** What you have to do **
Beginning with the line that holds "Hook Earrings 1", write out each line exactly as it stands until the end of the data, and include no pictures.

*** Opening of Input data ***

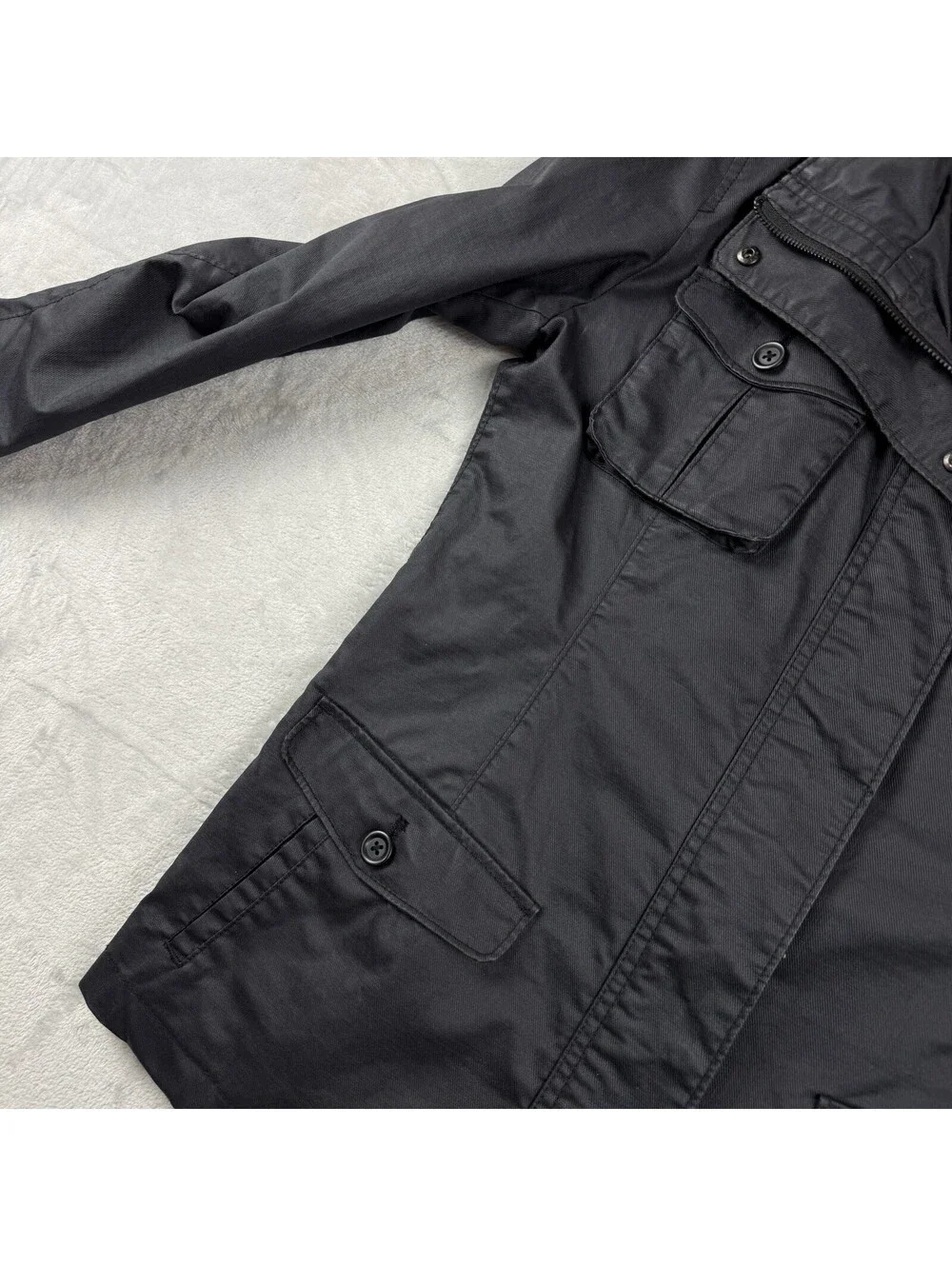Uniqlo Coated Cloth Men’s Large Black Waxed Cotton Utility Field Jacket Military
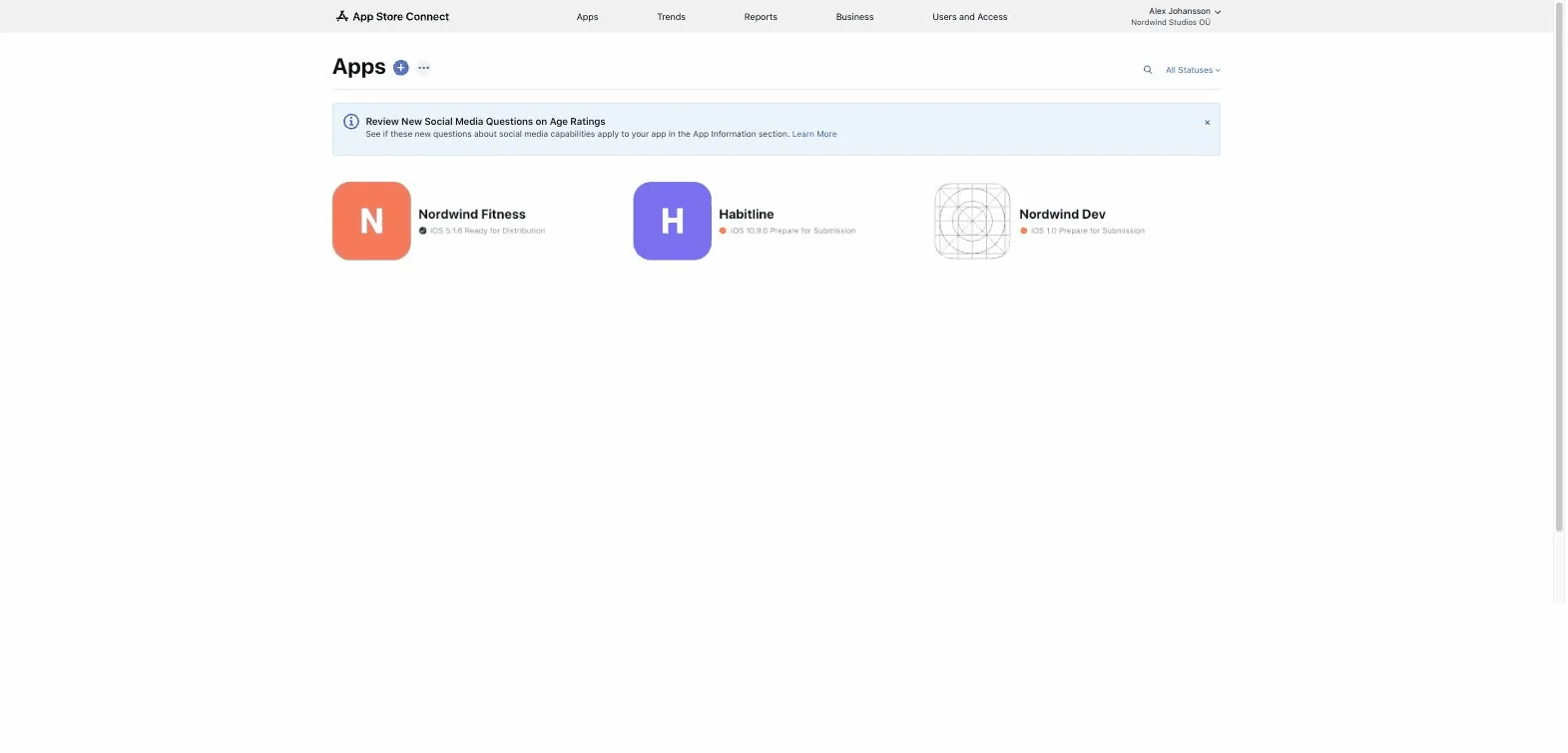 The App Store Connect Apps page with the cursor moving to Users and Access in the top navigation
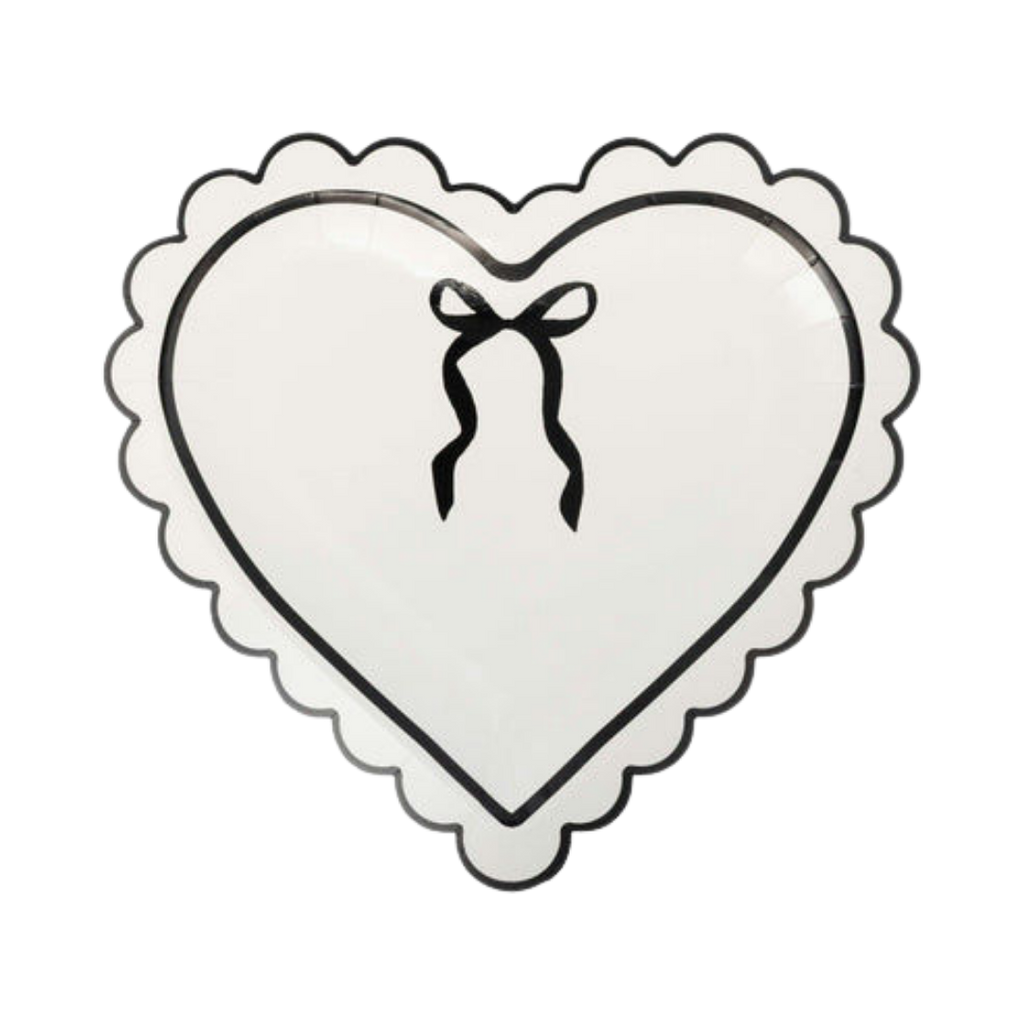 White with Black Trim Bow Heart Large Dinner Plate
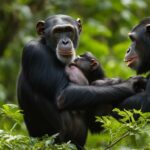 How do chimpanzees mate and reproduce in the wild?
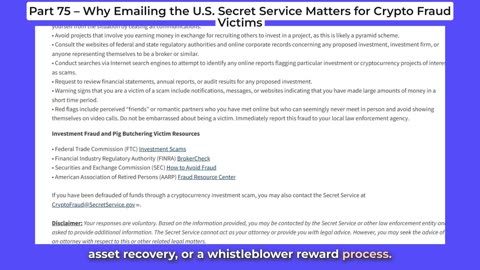 Part 75 – Why Emailing the U.S. Secret Service Matters for Crypto Fraud Victims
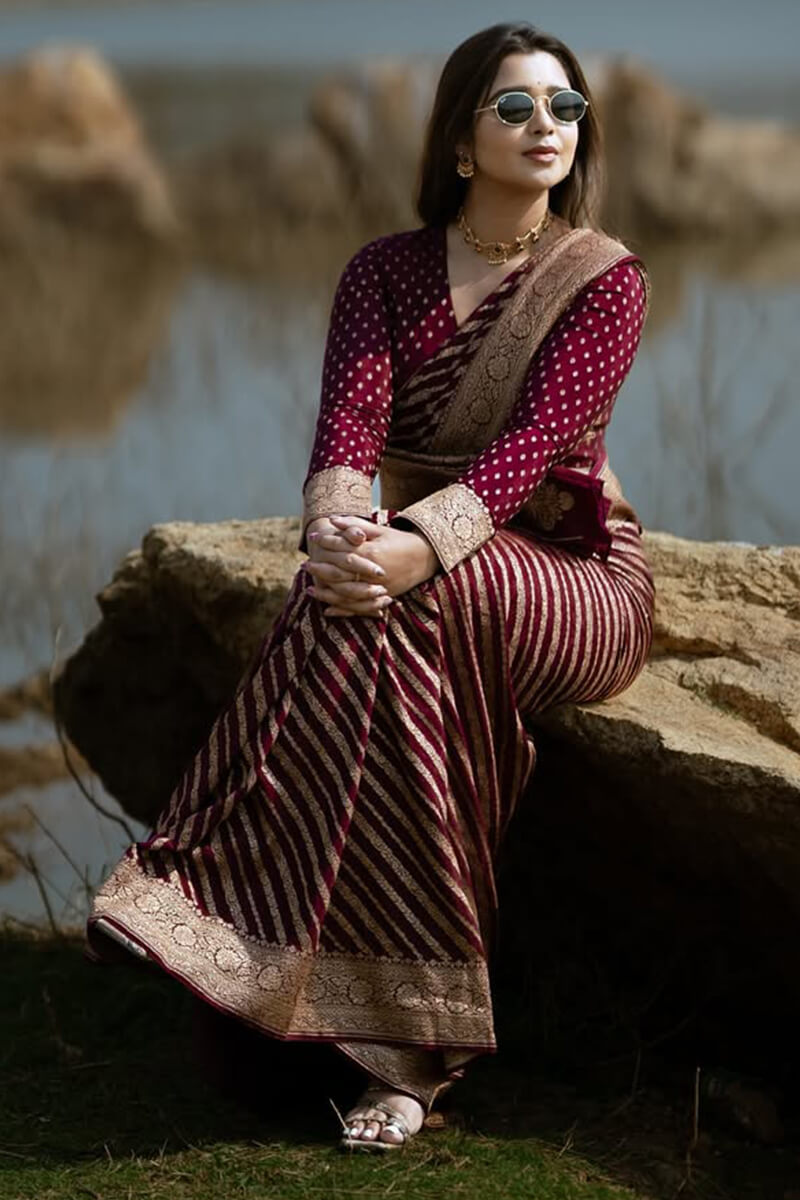 Exceptional Wine Soft Silk Saree With Ratatouille Blouse Piece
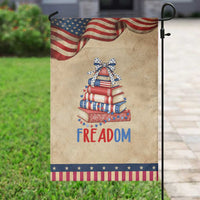 Funny Book Lover Gift Patriotic Garden Flag Freadom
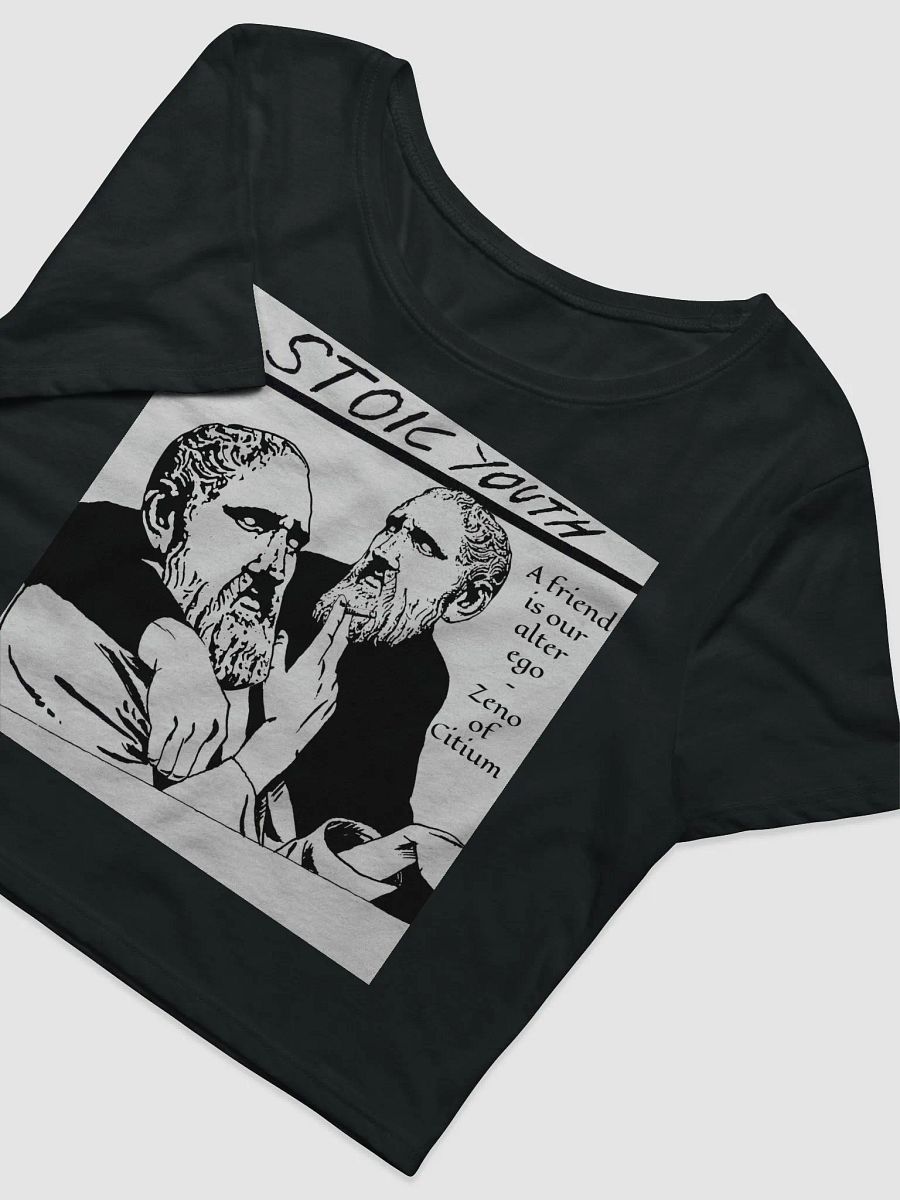 Stoic Youth Zeno of Citium quote Bella+Canvas Women's Crop Baby Tee product image (3)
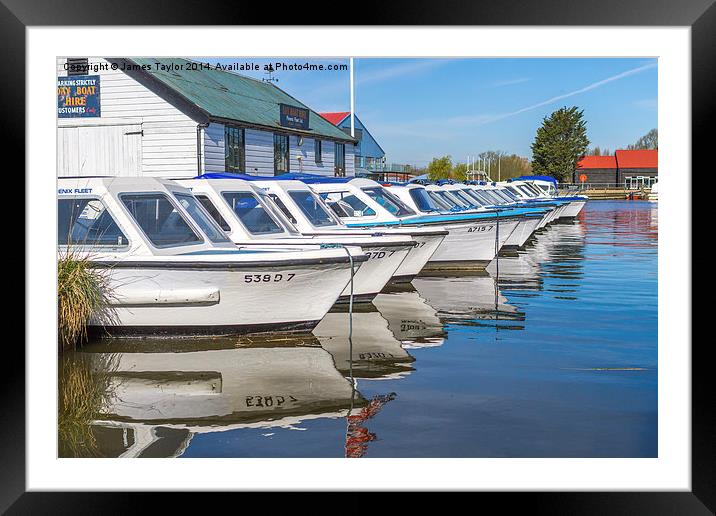 Day Boats Ready At Potter Heigham Framed Mounted Print by James Taylor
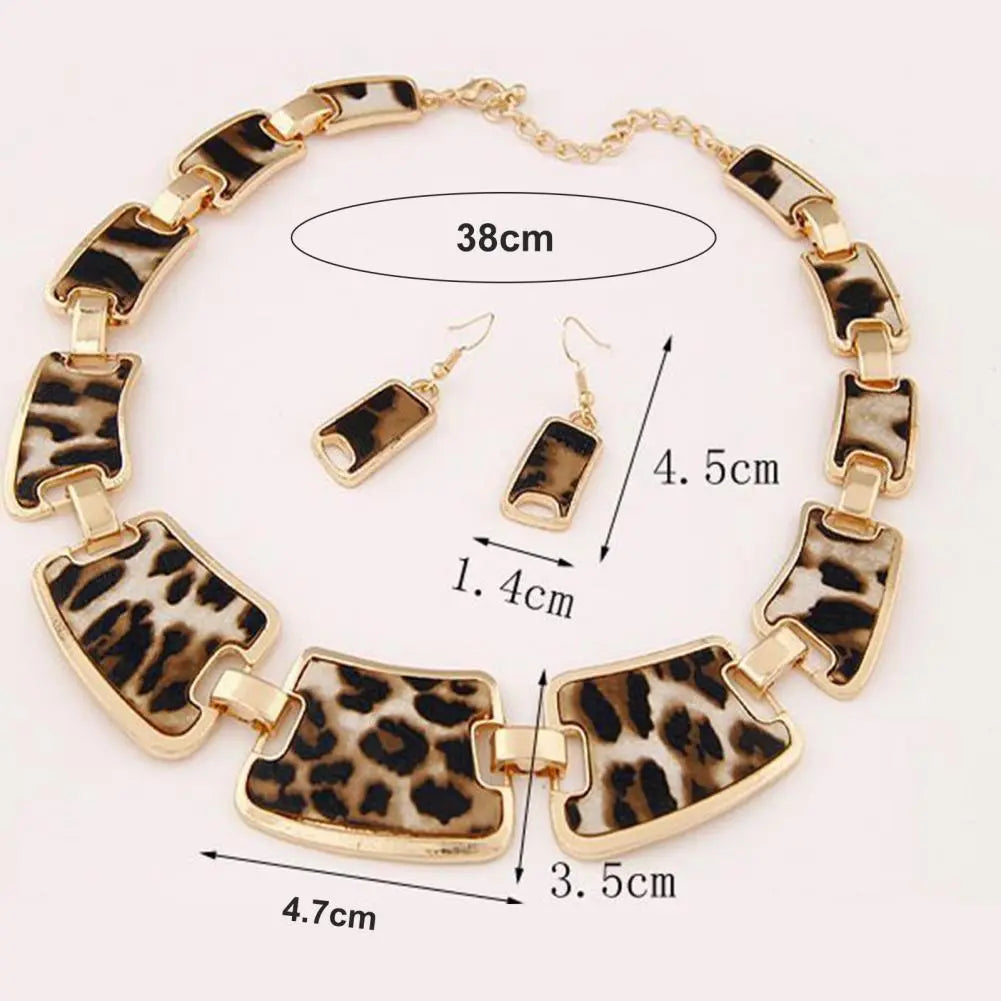 Hook Earrings 1 Set Statement Necklace Exaggerated Big Luxury Elegant Retro Leopard Women Kit Fashion Jewelry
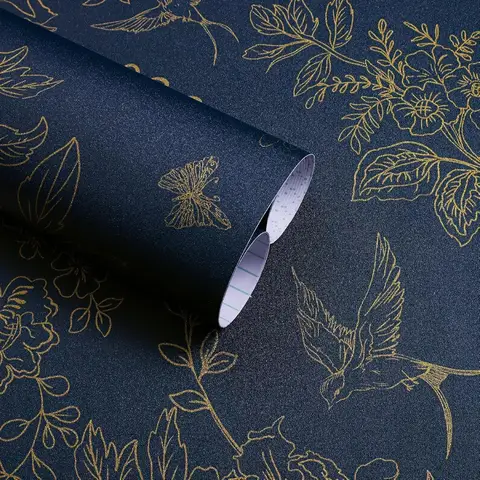 Dark Blue and Gold Vintage Floral Peel and Stick Wallpaper 17.7x118.1 for Bathroom and Bedroom Decor Removable Self Adhesive Vi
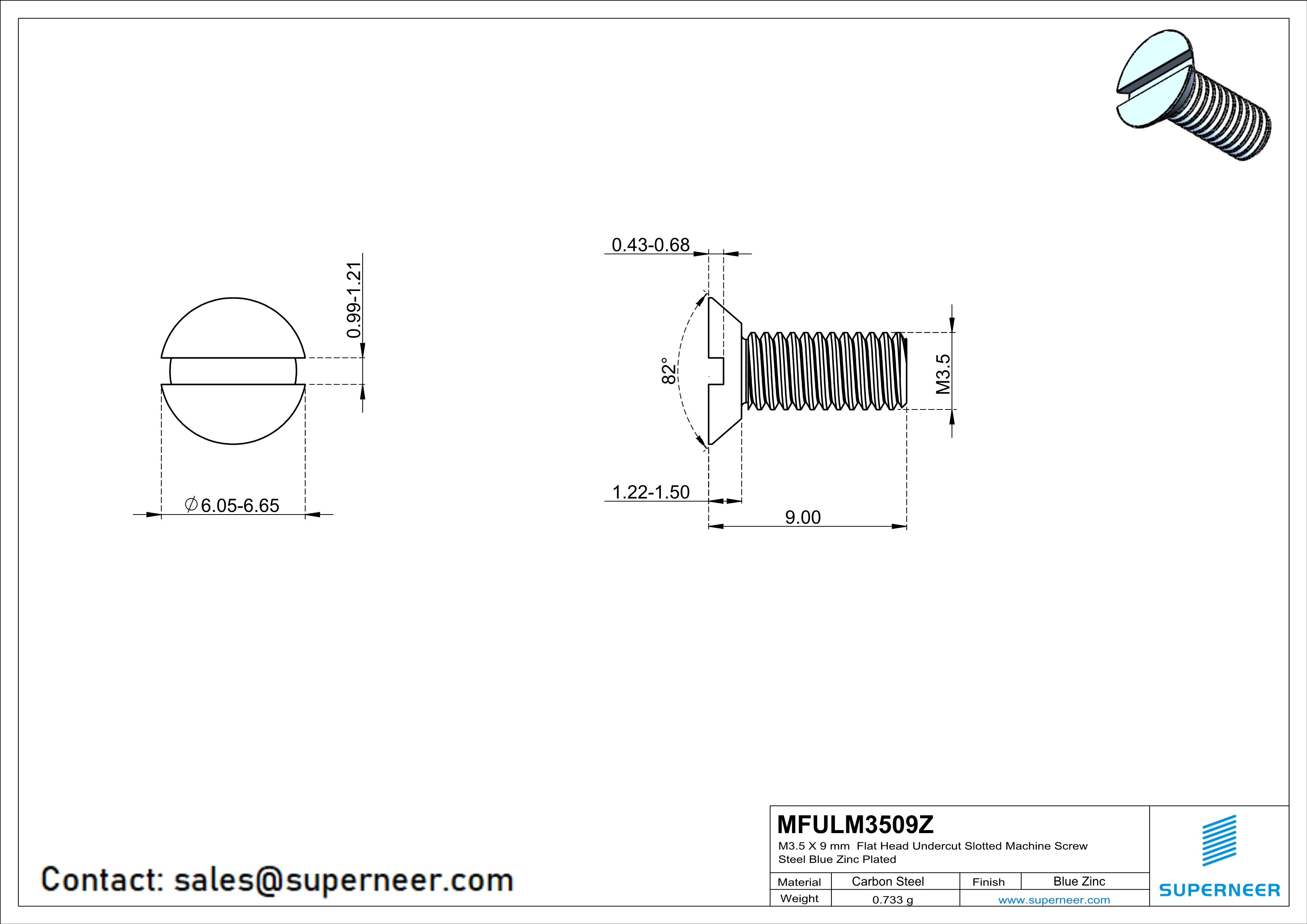 M3.5 x 9 mm Flat Head Undercut Slotted Machine Screw Steel Blue Zinc Plated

*** Close of Input data ***

** Result **
 Hook Earrings 1 Set Statement Necklace Exaggerated Big Luxury Elegant Retro Leopard Women Kit Fashion Jewelry
 Dark Blue and Gold Vintage Floral Peel and Stick Wallpaper 17.7x118.1 for Bathroom and Bedroom Decor Removable Self Adhesive Vi
 M3.5 x 9 mm Flat Head Undercut Slotted Machine Screw Steel Blue Zinc Plated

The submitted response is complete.